Go over the data below line by line, and state how many lines contain the string "Ribbon". Give the number only.

──────────

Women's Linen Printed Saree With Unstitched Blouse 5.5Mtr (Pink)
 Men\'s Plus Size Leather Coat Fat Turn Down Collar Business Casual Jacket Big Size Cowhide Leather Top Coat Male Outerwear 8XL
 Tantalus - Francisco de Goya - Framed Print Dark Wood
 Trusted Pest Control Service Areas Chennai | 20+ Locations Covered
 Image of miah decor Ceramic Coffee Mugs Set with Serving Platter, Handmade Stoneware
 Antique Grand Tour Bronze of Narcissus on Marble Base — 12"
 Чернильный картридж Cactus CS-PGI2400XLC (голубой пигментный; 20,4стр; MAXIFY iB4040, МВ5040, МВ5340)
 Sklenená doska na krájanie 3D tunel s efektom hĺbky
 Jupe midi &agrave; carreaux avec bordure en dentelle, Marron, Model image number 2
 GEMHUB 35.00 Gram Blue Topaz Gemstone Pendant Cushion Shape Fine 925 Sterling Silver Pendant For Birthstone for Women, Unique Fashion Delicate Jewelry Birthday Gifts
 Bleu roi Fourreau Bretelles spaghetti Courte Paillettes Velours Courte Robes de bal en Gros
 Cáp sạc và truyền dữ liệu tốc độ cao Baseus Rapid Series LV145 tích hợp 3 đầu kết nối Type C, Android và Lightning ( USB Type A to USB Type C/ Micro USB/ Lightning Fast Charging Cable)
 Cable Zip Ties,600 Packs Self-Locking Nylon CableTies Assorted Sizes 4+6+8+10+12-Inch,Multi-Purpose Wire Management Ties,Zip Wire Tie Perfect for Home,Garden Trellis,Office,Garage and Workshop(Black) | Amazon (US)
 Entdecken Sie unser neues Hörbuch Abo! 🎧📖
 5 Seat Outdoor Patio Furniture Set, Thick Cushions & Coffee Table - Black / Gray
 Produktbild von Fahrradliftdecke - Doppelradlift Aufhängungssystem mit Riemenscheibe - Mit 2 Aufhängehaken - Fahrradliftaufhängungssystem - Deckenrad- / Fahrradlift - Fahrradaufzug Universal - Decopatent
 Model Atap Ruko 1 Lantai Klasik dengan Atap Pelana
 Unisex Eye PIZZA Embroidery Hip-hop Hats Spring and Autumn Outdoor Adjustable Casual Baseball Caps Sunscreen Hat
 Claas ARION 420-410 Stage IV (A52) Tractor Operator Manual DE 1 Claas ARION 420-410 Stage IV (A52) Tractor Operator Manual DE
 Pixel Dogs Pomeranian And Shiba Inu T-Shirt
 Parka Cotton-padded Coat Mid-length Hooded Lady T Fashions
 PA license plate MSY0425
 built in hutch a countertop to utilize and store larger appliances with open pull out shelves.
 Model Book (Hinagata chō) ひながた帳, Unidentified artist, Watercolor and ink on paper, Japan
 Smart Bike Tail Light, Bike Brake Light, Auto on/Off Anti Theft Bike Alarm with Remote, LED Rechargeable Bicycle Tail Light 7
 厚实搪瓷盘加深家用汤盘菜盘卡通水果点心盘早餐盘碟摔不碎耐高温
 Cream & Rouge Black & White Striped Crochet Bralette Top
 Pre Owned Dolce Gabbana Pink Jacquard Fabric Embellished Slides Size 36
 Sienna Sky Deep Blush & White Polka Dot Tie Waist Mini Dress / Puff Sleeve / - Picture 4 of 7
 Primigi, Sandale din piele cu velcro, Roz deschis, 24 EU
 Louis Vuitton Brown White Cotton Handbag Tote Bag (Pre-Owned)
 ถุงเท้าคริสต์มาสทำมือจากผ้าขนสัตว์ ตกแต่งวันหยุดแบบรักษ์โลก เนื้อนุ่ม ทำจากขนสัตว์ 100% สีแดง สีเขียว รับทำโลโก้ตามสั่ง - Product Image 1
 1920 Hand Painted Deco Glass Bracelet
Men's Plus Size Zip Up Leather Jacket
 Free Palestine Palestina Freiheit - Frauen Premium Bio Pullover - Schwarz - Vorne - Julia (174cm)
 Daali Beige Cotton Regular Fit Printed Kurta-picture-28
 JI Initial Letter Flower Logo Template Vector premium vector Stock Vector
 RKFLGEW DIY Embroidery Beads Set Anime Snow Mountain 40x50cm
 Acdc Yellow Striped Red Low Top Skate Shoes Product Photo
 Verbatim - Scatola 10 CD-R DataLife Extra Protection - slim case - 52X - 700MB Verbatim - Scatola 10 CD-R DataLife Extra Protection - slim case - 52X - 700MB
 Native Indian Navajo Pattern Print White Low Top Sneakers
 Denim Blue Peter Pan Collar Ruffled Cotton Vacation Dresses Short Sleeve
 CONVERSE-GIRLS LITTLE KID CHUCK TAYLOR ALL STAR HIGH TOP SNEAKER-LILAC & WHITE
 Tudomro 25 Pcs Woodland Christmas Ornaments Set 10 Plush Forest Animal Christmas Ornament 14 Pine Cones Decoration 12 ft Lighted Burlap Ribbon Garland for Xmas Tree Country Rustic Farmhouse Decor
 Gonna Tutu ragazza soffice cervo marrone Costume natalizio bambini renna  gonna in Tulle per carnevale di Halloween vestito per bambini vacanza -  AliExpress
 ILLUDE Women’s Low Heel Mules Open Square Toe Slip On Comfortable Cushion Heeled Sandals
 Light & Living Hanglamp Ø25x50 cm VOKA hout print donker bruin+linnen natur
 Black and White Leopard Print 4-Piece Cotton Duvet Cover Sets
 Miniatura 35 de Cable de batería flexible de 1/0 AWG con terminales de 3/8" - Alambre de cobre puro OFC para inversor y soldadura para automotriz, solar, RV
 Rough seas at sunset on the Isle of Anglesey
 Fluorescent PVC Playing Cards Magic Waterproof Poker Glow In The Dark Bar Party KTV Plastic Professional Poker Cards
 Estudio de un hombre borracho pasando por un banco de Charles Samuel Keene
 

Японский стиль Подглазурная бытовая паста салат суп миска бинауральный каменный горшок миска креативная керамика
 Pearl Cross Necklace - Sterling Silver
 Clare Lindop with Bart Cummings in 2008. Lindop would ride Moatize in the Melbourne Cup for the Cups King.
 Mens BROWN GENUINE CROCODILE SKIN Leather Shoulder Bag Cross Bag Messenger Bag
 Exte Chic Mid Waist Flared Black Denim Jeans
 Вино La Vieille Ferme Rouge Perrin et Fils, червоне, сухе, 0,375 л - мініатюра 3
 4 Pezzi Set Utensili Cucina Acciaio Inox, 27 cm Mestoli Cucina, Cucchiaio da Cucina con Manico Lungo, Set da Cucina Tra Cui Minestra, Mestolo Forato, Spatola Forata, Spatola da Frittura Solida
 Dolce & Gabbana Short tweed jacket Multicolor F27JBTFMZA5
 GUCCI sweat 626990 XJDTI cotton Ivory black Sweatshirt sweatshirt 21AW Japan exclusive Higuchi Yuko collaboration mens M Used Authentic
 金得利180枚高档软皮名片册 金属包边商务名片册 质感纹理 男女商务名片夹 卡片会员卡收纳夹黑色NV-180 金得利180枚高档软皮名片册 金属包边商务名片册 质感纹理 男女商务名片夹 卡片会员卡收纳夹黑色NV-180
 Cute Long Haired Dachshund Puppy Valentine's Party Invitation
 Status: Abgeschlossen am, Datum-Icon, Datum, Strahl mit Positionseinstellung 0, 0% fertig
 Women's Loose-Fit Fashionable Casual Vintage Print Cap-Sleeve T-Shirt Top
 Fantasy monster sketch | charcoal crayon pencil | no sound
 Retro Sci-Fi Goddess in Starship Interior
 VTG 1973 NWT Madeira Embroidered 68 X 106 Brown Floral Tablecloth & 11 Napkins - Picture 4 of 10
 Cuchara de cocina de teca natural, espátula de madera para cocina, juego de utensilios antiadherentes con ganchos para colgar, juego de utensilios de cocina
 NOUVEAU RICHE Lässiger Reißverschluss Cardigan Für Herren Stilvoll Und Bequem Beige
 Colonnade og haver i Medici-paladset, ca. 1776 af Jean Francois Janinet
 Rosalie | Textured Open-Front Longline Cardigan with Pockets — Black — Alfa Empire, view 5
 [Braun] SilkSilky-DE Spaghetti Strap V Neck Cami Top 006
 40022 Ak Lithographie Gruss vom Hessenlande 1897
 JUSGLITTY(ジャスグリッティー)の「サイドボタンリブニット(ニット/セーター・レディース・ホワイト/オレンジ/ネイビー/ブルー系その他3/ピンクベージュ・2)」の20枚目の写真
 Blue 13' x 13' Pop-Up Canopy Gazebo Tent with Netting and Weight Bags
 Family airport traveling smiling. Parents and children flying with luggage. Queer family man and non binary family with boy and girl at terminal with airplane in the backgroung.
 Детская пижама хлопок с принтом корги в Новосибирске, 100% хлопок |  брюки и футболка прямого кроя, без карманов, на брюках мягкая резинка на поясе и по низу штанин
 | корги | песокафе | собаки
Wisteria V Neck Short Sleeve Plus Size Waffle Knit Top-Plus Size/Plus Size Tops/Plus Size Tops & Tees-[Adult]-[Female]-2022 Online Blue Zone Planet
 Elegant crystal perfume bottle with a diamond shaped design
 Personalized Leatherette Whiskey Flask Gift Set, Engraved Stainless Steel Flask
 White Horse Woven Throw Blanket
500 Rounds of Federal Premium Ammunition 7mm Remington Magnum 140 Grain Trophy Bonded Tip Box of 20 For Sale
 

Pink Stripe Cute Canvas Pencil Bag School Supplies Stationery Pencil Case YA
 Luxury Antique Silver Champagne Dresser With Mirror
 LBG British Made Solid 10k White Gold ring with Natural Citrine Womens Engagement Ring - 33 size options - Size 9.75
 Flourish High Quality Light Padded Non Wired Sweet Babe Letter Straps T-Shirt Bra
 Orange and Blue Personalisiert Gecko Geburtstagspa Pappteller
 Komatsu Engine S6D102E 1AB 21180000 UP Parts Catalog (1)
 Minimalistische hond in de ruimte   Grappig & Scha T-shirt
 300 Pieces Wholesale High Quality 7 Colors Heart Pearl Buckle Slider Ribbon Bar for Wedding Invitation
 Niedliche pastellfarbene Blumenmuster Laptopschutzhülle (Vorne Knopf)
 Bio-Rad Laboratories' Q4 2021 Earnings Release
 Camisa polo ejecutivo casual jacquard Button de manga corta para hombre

──────────

_RESULT FOR THIS TASK:_
2